Et pourtant, on investit dans la prévention du suicide. On sait que ce n’est pas la mort, mais la fin de la souffrance que cherchent les personnes suicidaires. On dit et on le répète, le suicide n’est pas une option. Comment réconcilier l’AMM avec cela en sachant que 90% des personnes qui décèdent par suicide ont une maladie mentale? Comment différencier ce « désir de mourir » par l’AMM du « désir de se donner la mort »?

On nous dit qu’on ne peut pas exclure la maladie mentale comme seul motif de l’AMM pour ne pas discriminer contre les personnes vivant avec une maladie mentale. Pourtant nous sommes quotidiennement discriminés dans la vie : accès au logement, au travail, à un revenu décent, aux assurances invalidités! Pour moi, l’argument de la discrimination face à la mort ne peut être considéré légitime alors qu’il y a une discrimination face à la vie.

L’AMM pour seul motif la maladie mentale dans le contexte actuel est une solution « facile » pour régler un problème complexe. La solution passe par :

Les vingt dernières années n’ont pas été faciles pour moi côté santé mentale. L’an dernier a été des plus difficiles. Pourtant, je suis encore en vie. Je sais que le chemin vers mon rétablissement sera parsemé d’embûches, mais j’apprends tranquillement à me reconstruire. Le rétablissement ne signifie pas l’élimination de tous nos symptômes, ni un retour à la vie pré-diagnostic. C’est un processus de reconstruction de soi qui inclut la maladie mentale mais qui n’est pas limitée à celle-ci.

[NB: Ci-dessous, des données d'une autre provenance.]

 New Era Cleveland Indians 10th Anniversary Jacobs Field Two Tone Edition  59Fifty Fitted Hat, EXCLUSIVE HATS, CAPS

Nous sommes plusieurs actuellement à passer par ce chemin cahoteux. Plutôt que de nous arrêter à mi-chemin de notre parcours, donnez-nous une chance, aidez-nous à avancer dans notre processus de rétablissement et à vivre dans la dignité. Le gouvernement du Québec nous a clairement entendu en excluant la maladie mentale de l’AMM. La question maintenant est : est-ce que vous nous entendrez?

Endnotes

1. CMHA (2021). https://cmha.ca/brochure/fast-facts-about-mental-illness/.

2. Mishara, B., & Chagnon, F. (2011). In O’Connor, et al. (Eds), International Handbook of Suicide Prevention: Research, Policy and Practice. UK: John Wiley & Sons, Ltd.